A literature review was conducted to understand the international trends in performance management, care delivery models and change management. A Canada-wide survey was carried out to determine the directions of other provinces on the defined issues and a BC survey provided a current state analysis of programming within the five regional health authorities (HAs).
A provincial policy framework for subacute and convalescent care has been developed to begin to address the concerns raised and provide a base for performance measurement. The policy has been approved and disseminated to BC HAs for implementation. An implementation plan has been developed and implementation activities have been integrated into the work of existing provincial committees. Evaluation will occur through performance measurement. The benefits anticipated include: clear policy guidance for programme development; improved comparability of performance information for system monitoring, planning and integrity of the national acute care Discharge Abstracting Database; improved efficiency in acute care bed use; and improved equity of access, insurability and quality for patients requiring subacute and convalescent care.
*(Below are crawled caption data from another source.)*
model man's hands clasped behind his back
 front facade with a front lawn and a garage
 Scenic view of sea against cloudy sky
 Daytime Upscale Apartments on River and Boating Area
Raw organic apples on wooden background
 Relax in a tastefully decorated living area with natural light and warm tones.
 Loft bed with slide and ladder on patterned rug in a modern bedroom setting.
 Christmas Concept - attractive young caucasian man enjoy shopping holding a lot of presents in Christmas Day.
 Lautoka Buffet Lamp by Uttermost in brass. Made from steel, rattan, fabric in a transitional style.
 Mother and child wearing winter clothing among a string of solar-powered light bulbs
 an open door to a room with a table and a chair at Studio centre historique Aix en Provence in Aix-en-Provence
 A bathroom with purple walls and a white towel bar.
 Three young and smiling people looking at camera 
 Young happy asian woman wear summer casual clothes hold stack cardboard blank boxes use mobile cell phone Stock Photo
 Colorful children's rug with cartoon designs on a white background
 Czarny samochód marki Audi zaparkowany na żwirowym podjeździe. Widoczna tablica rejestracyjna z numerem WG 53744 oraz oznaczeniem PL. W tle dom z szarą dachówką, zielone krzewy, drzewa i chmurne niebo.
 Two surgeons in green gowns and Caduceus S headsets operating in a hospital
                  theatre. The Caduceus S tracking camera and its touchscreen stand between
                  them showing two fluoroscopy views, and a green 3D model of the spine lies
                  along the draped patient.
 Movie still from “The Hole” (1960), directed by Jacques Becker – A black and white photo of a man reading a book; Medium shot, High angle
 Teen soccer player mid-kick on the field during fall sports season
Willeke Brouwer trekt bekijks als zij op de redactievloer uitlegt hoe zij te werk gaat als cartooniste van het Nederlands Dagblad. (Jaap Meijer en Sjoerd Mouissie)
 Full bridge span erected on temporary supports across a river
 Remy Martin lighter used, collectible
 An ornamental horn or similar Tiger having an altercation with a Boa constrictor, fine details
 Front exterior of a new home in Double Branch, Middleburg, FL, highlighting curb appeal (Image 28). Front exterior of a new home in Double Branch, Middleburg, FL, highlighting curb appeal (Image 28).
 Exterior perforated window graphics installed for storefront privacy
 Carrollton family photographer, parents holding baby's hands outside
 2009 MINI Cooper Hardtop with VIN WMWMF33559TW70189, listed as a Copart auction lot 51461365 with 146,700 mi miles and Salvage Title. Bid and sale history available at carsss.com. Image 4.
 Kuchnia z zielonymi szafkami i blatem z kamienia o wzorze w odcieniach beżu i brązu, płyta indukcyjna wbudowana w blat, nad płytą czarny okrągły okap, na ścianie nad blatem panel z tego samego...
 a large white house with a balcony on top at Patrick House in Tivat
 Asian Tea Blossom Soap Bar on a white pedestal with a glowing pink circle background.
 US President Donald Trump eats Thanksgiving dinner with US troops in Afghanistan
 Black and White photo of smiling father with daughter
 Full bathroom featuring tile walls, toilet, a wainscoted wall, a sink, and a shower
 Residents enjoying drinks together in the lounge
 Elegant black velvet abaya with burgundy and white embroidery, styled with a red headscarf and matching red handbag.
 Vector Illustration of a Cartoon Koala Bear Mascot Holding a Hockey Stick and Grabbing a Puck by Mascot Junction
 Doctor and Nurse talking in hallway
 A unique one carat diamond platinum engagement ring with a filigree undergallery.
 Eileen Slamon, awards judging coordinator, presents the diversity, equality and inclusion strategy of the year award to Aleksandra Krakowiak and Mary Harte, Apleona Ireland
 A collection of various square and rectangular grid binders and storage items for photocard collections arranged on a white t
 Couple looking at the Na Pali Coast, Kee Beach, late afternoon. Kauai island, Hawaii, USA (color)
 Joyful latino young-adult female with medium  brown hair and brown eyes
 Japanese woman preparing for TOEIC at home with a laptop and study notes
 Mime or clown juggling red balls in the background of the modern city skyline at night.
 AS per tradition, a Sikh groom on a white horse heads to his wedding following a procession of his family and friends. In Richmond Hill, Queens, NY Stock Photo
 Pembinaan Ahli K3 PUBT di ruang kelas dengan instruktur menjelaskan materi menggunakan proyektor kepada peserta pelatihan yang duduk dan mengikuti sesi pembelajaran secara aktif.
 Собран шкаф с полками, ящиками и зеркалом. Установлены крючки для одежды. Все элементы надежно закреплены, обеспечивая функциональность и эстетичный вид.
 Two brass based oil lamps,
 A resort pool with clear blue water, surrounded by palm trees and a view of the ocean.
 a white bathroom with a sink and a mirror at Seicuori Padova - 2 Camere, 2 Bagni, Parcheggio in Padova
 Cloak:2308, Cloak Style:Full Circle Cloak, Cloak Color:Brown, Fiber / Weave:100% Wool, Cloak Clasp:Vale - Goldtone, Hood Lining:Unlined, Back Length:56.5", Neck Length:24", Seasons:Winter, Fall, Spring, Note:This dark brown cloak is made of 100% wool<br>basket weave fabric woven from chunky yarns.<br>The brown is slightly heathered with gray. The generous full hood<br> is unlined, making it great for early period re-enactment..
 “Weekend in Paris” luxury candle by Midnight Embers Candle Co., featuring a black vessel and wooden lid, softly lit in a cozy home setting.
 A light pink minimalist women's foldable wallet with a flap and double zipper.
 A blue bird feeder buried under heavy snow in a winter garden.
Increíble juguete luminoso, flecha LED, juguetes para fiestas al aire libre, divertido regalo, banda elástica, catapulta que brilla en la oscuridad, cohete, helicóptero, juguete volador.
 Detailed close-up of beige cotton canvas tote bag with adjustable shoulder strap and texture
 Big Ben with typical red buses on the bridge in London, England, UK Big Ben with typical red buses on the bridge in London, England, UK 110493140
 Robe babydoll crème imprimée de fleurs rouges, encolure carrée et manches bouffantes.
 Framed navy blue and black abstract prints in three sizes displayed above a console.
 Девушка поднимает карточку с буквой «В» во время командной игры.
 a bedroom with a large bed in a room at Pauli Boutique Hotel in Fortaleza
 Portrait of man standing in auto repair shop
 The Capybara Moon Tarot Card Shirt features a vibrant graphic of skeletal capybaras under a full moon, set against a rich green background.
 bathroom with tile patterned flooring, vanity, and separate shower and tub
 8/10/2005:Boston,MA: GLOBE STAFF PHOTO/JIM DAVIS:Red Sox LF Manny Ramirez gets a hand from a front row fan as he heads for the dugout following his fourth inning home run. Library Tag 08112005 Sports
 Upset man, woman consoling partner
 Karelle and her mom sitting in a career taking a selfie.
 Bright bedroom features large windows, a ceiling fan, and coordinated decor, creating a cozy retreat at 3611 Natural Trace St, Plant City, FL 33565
While a national reporting system exists for acute care in Canada, this project raises questions about the implications for this system, given the shifting definition of acute care as other care levels emerge. Questions are also raised by the finding in Australia that the current case-mix system is inadequate to describe these patients. Further, given the inadequacy of our understanding of health system capacity and output, consideration of a more comprehensive national reporting system along the care continuum may be warranted.
This project is an example of effective collaboration between the provincial government, a national organization and HAs, and suggests that provincial governments can participate in a meaningful way to accomplish research-informed health services policy.
公众、医疗服务提供者和政策制定者都关注一个能在适当场所提供护理的连续服务体系。替代护理级别用于界定那些不再需要急性护理但仍占用急性护理床位的患者。我们的目标是确定在不列颠哥伦比亚省(BC省)应如何定义亚急性护理和康复护理;这些护理级别应如何与现有立法保持一致,以便为患者提供更一致的服务标准,以及系统规划和绩效管理需要哪些报告要求。
进行了文献综述,以了解绩效管理、护理提供模式和变革管理方面的国际趋势。开展了一项全加拿大范围的调查,以确定其他省份在既定问题上的方向,同时一项BC省的调查提供了五个区域卫生当局(HA)内项目的现状分析。
已制定了一项关于亚急性和康复护理的省级政策框架,以开始解决所提出的问题,并为绩效衡量提供基础。该政策已获批准并分发给BC省的各HA以供实施。已制定了一项实施计划,实施活动已纳入现有省级委员会的工作中。将通过绩效衡量进行评估。预期的益处包括:为项目开发提供明确的政策指导;提高绩效信息的可比性,以用于系统监测、规划以及国家急性护理出院摘要数据库的完整性;提高急性护理床位的使用效率;以及改善需要亚急性和康复护理的患者在获得护理、保险可及性和护理质量方面的公平性。虽然加拿大存在一个针对急性护理的全国报告系统,但鉴于随着其他护理级别出现急性护理定义的变化,该项目引发了关于此系统影响的问题。澳大利亚的一项研究发现当前的病例组合系统不足以描述这些患者,这也引发了相关问题。此外,鉴于我们对卫生系统能力和产出的理解不足,可能有必要考虑建立一个涵盖整个护理连续过程更全面的全国报告系统。
该项目是省级政府、一个全国性组织和各HA之间有效合作的一个范例,并表明省级政府能够以有意义的方式参与进来,以实现基于研究的卫生服务政策。